▶ SUPPLIED RECORDS:

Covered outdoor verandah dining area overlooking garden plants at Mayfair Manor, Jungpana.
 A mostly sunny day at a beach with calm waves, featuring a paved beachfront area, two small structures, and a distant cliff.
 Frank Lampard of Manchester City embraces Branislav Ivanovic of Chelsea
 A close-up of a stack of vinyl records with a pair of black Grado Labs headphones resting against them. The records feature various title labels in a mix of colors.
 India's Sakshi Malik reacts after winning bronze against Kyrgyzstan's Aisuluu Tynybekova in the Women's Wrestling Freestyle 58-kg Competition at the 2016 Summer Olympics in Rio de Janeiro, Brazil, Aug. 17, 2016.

▶ WHAT IS NEEDED: All the data above should be set down a second time, exactly.

▶ OUTPUT:
Covered outdoor verandah dining area overlooking garden plants at Mayfair Manor, Jungpana.
 A mostly sunny day at a beach with calm waves, featuring a paved beachfront area, two small structures, and a distant cliff.
 Frank Lampard of Manchester City embraces Branislav Ivanovic of Chelsea
 A close-up of a stack of vinyl records with a pair of black Grado Labs headphones resting against them. The records feature various title labels in a mix of colors.
 India's Sakshi Malik reacts after winning bronze against Kyrgyzstan's Aisuluu Tynybekova in the Women's Wrestling Freestyle 58-kg Competition at the 2016 Summer Olympics in Rio de Janeiro, Brazil, Aug. 17, 2016.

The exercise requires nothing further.